Airbus has offered cautious support for the proposed Brexit deal, warning that the alternative of a “cliff-edge” no-deal alternative would be much worse for the UK. The aerospace manufacturer, which directly employs 14,000 people in the UK, previously warned that it could withdraw its investment in the country if Britain withdraws from the EU without an agreement, describing such a scenario as potentially “catastrophic.”
“If the withdrawal agreement is successful in some form or another then Airbus would consider continuing to invest as the company has done over many years,” said Katherine Bennett, senior vice-president of Airbus UK, when speaking to MPs on the House of Commons’ Business, Energy and Industrial Strategy Committee. “We have great capability, but obviously because of the uncertainty, which we want to see reversed, that is why investments have been put on hold.”
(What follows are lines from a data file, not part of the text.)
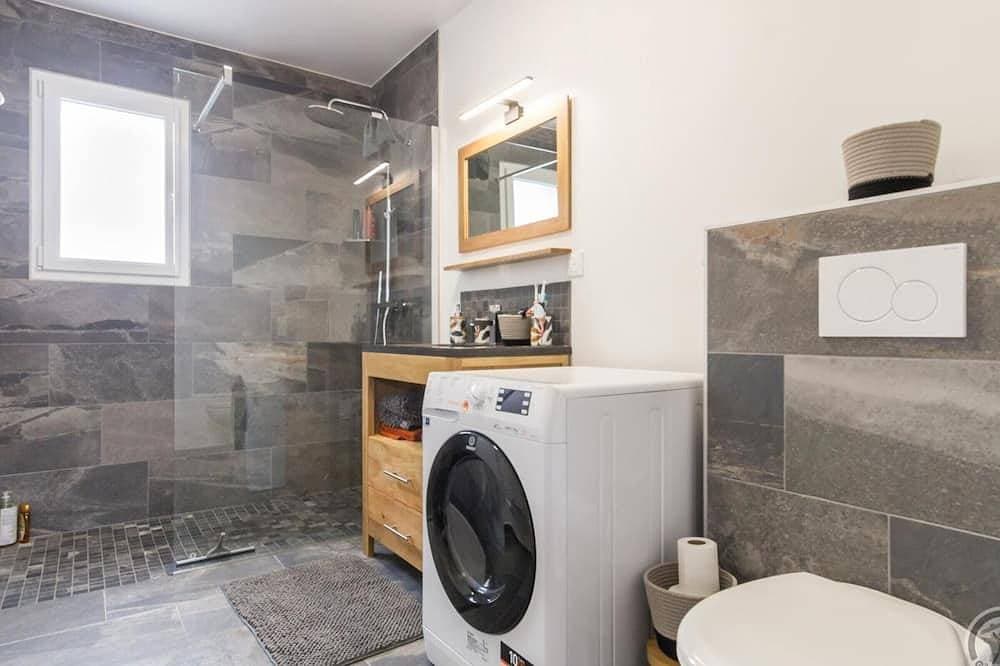 Foto 8 von 25: Moderne Ferienwohnung mit Garten, Terrasse, Nordisches Bad und in Strandnähe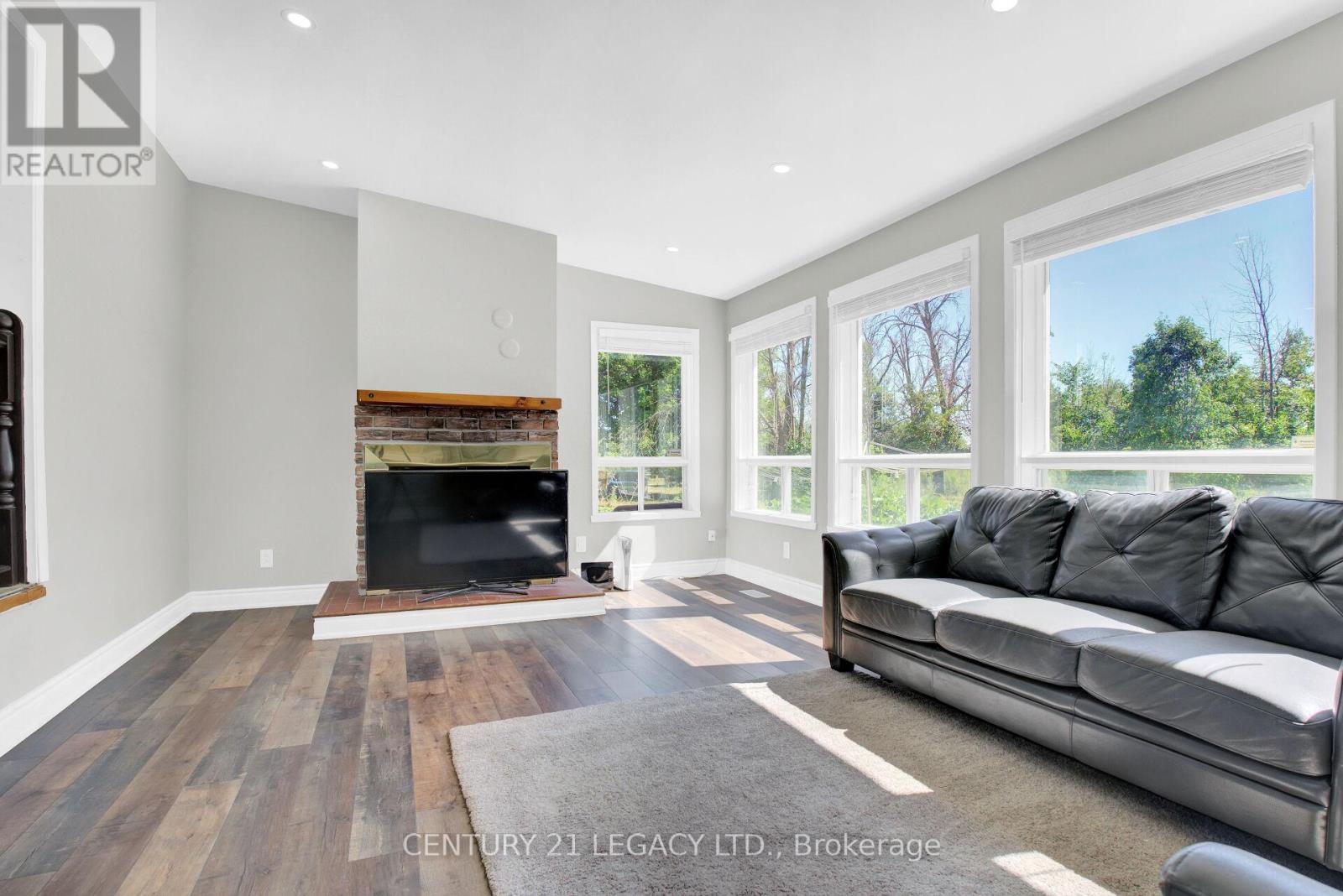 8182 Hornby Road, Halton Hills (Rural Halton Hills), Ontario  L0P 1E0 - Photo 5 - W12942370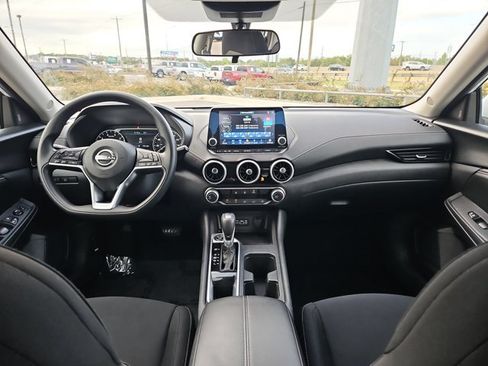 Used 2025 Nissan Sentra SV FWD image 15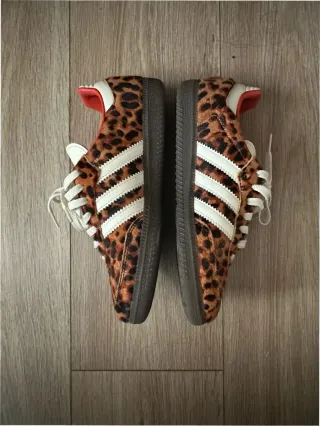 Adidas Samba OG Leopardo Rojo Talla 40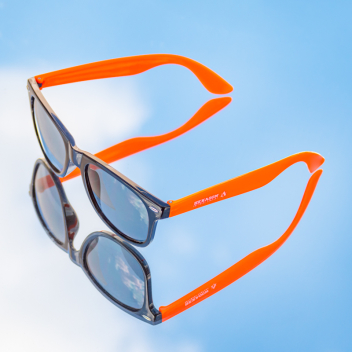 Custom Two Tone Plastic Sunglasses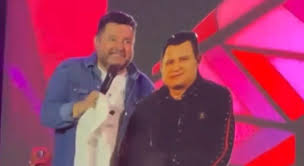 Bruno usa totem de papelão de Marrone em show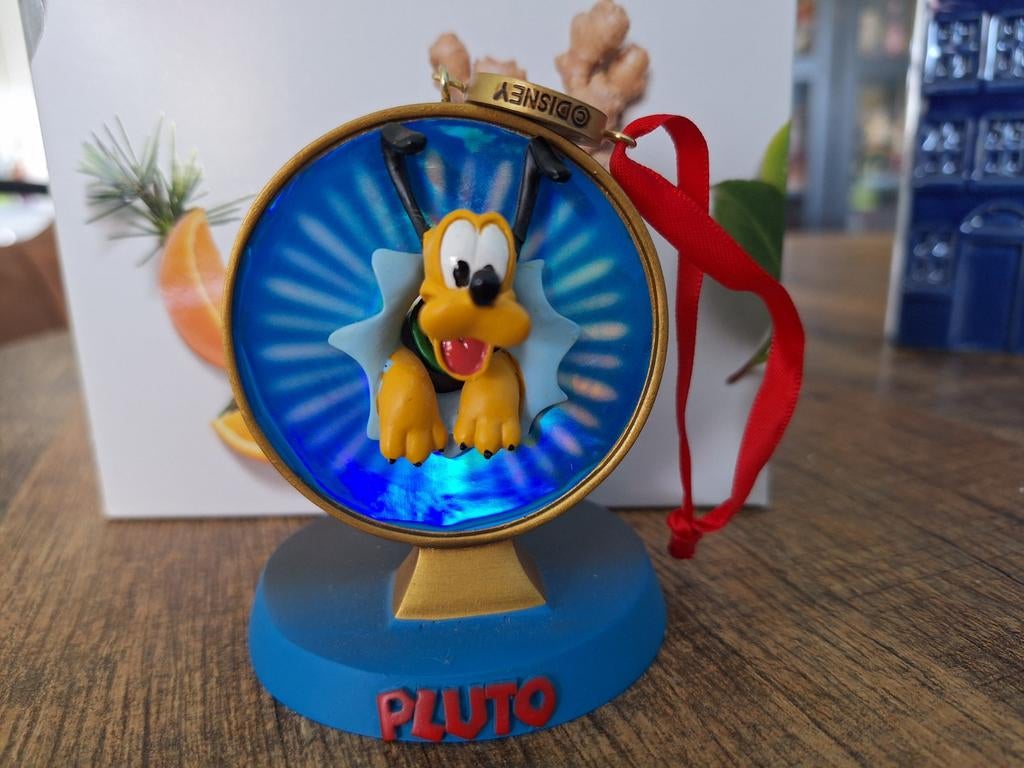 Disney ornament Pluto 90 jaar zgan, Ophalen of Verzenden, Goofy of Pluto, Zo goed als nieuw, Beeldje of Figuurtje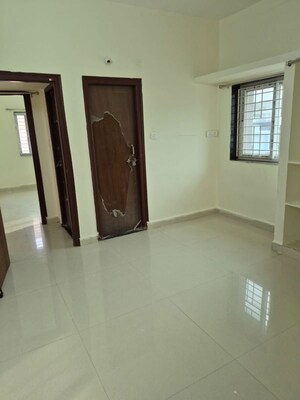 Room in 3 BHK Penthouse at Lokhandwala Complex, Andheri West – for Rent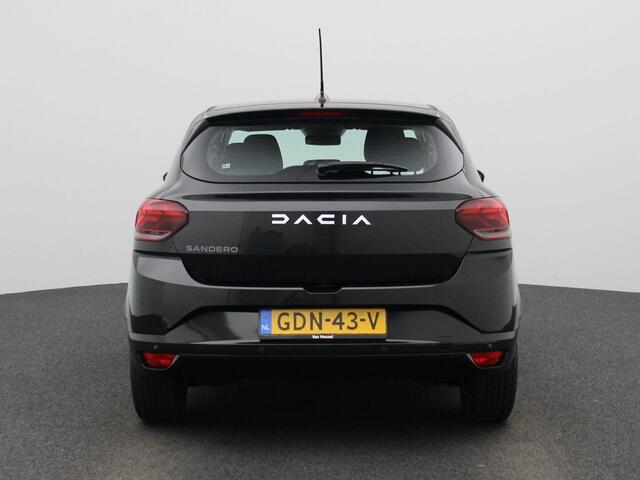 Dacia SANDERO 1.0 TCe 90 Expression | PDC Achter | Licht- en Regensensor | Cruise Control & Snelheidsbegrenzer | LED-Verlichting | Airconditioning | DAB-Radio | Apple Carplay & Android Auto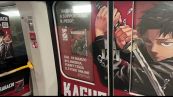 Un vagone della metro a Milano dedicato a Kagurabachi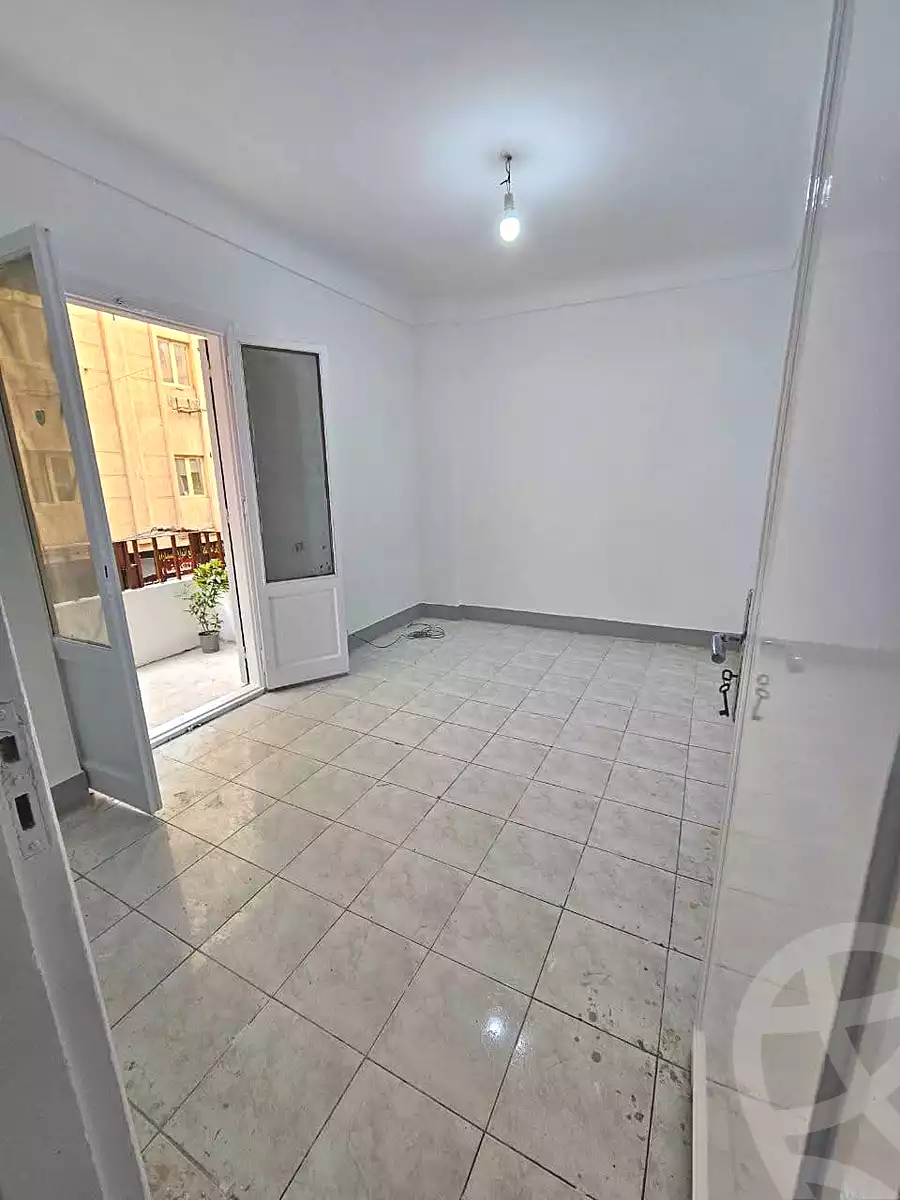 https://aqarmap.com.eg/ar/listing/6847132-for-sale-alexandria-sydy-bshr-sydy-bshr-bhry-amr-el-nogomy-st
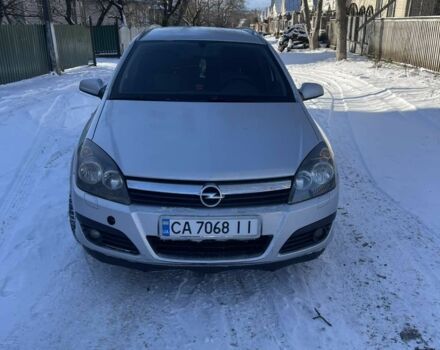 Серый Опель Астра, объемом двигателя 0 л и пробегом 360 тыс. км за 4600 $, фото 1 на Automoto.ua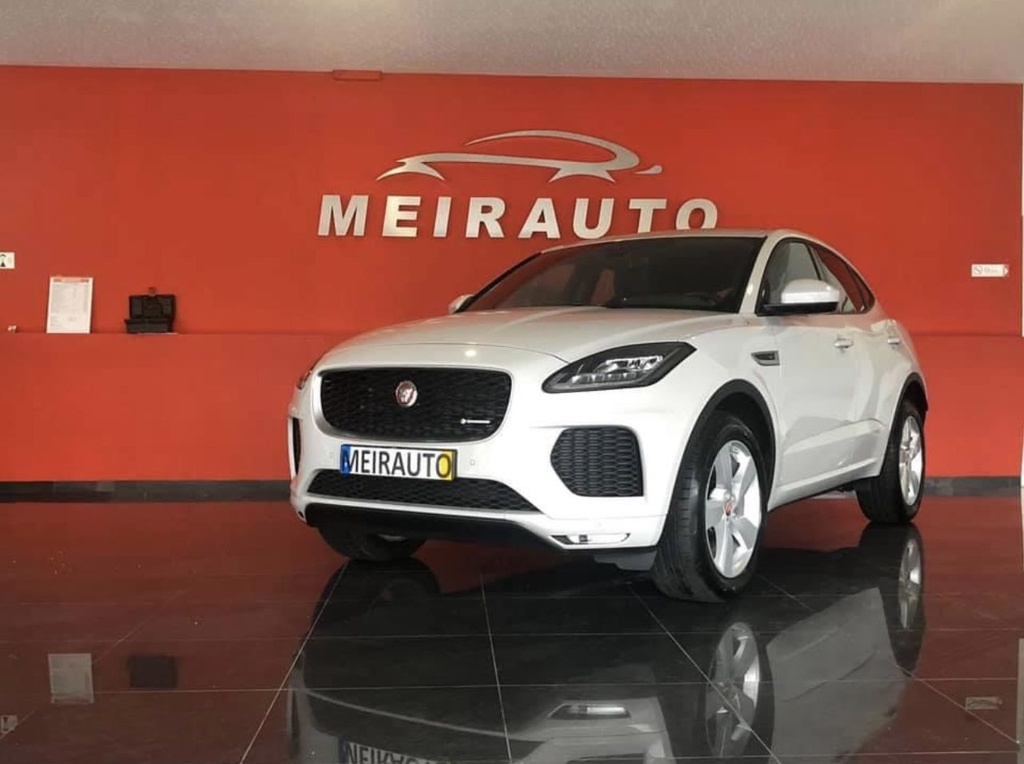 Jaguar E-Pace 2.0 i4D R-Dynamic SE AWD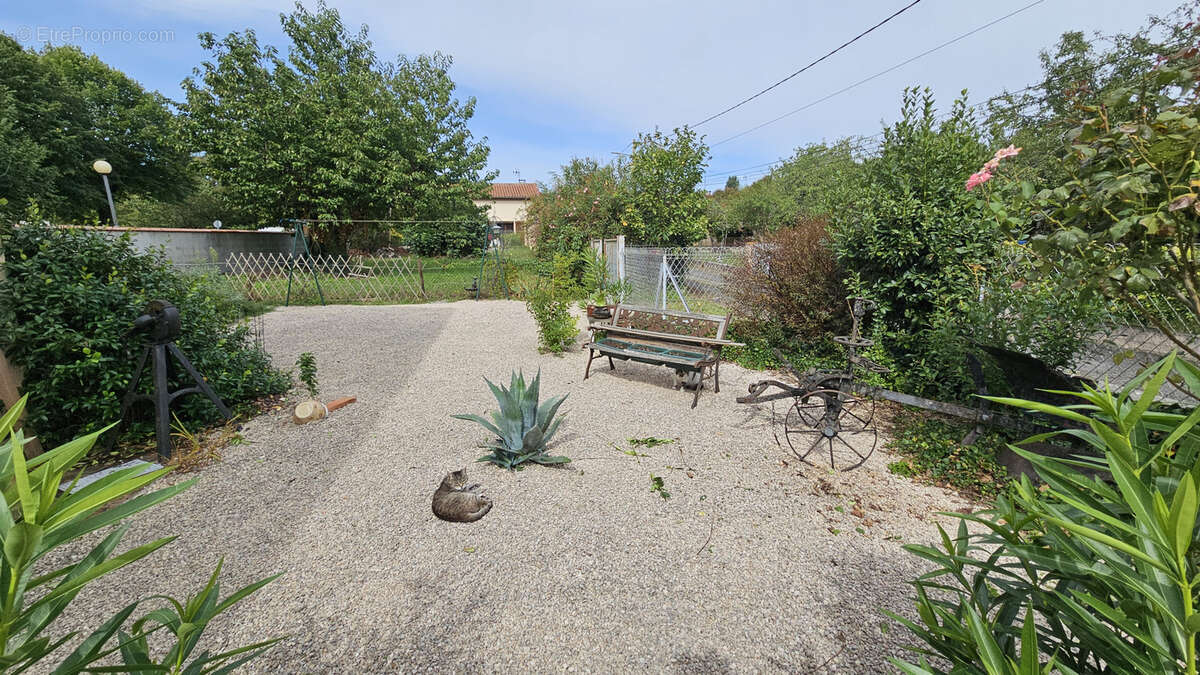 Maison à L&#039;ISLE-EN-DODON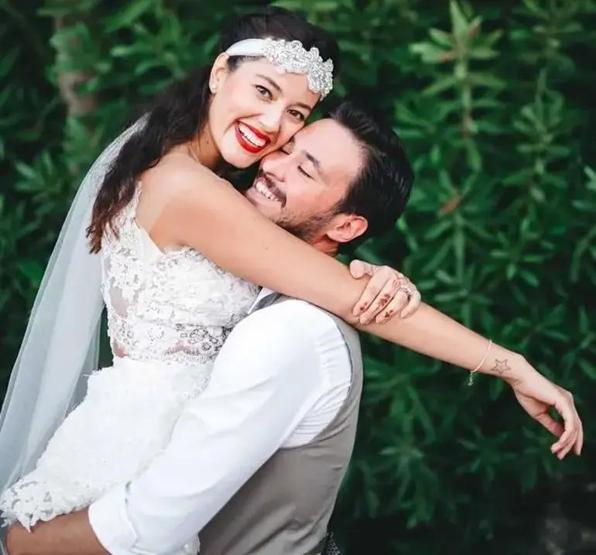 8 Yıllık Evlilik Bitiyor Pelin Akil İlk Kez Bu Kadar Net Konuştu: Yollarımızı Ayırdık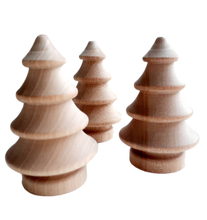 Load image into Gallery viewer, Wooden Christmas Trees Set Of 3
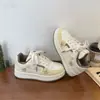 Tênis Casuais Estilo Coreano para Skate 2026 Outono Novo Sapatos Brancos de Solado Grosso Tendência Moda Versátil Para Esportes ao Ar Livre Uso Casual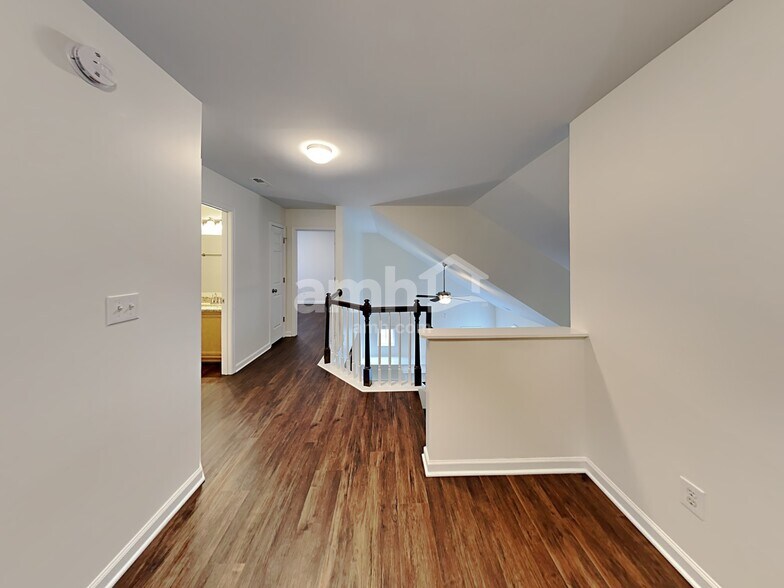 Building Photo - 821 Maurepas Dr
“If the withdrawal agreement is successful … then Airbus would consider continuing to invest.” – Katherine Bennett, Airbus
The non-binding 26-page declaration sets out what the UK and EU want their future relationship to look like after Brexit. It describes a 21-month transition period whereby the UK would remain tied to the EU’s single market and covers future relations with respect to trade, security and other issues, including two clauses about cooperation between the UK and EU on aviation.
It states that a comprehensive air transport deal should cover “market access and investment, aviation safety and security, air traffic management and provisions to ensure open and fair competition, including appropriate and relevant consumer-protection requirements and social standards.”
However, the International Air Transport Association (IATA) expressed concern about the declaration’s dearth of specifics regarding the aviation industry. Travel Weekly reported that Perry Flint, IATA’s head of Corporate Communications, said in an e-mail that the declaration lacks the detail that airlines require. “We continue to urge the prioritization of aviation issues so that airlines have the details needed to manage their business and provide connectivity in the post-Brexit period. There is a huge amount of work to do and there is no time to lose,” he said.
Meanwhile, the UK and US are close to finalizing an open skies agreement that would provide continuity for transatlantic carriers from both countries after Brexit. According to the Financial Times, the draft terms of the agreement are “inferior” to the rights that the UK enjoys as an EU member and includes stricter ownership rules requiring airlines to have “substantial ownership and effective control” by UK or US nationals.
The agreement would likely come into force after the UK leaves the EU on March 29 and before the end of the transition period, which could run to as late as December 2022. British Airways parent IAG remains sanguine over the prospect of a deal between both countries.
“All parties have a shared interest in ensuring that existing rights continue under new bilateral arrangements. This allows airlines on both sides of the Atlantic to operate existing services and seek to develop new ones,” IAG said in a statement.